1 The need for Investments

The humiliating loss of the Crimean War in 1856 convinced the tsarist regime of Alexander II of the military and economic backwardness of the Russian empire. The regime set out a course to close the economic gap between the Russian empire and the European countries. An important part of that course was a policy to industrialise the country. To protect its domestic industry, the state raised trade barriers. But the state lacked the resources to finance its ambitious plans to speed up railway building, and to develop heavy industry.5 Because domestic savings also were insufficient, the state had to issue bonds and sell these to foreign investors. With the inflow of foreign capital, Russia was indeed able to develop its heavy industry. Although foreigners did own some Russian enterprises, the state maintained a large influence over the economic development. The economic policy was relatively successful and Russia’s national income almost quadrupled in the period between 1861 and 1913. However, growth was biased towards heavy industry.
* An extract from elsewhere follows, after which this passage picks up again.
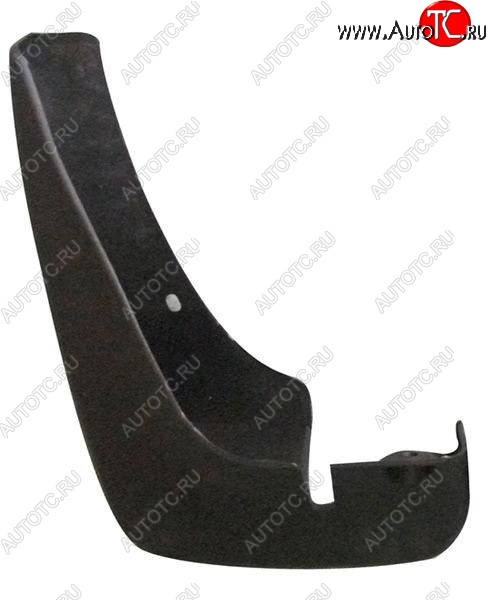 235 р. Брызговик (задний/левый) SAT  Toyota Probox - Succeed  с доставкой в г. Вологда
The production of crude steel (measured in 1000 metric tons) was 700 times bigger in 1913 than it was in 1861, the production of pig iron was 14 times bigger, the production of coal 95 times, and there was 70,000 kilometre of railway in 1913 against 2,000 kilometre in 1861. Due to the large population growth, income per head did not quadruple, but increased by two thirds.6 World War I and the ensuing civil war undid most of the progress; industrial production in 1920 was at 20 per cent of the

5 Between 1860 and 1905, the state commissioned the building of more than 50,000 kilometers of railroad. Railroad building was an industry in itself, but it also allowed for the development of other heavy industries.

6 Paul Gregory and Robert Stuart, Russian and Soviet Economic Performance and Structure, 7th edition, Addison Wesley, Longman, 2001, tables 2.1. and 2.2. The increase in income per capita was

somewhat lower than that in other European countries and the USA.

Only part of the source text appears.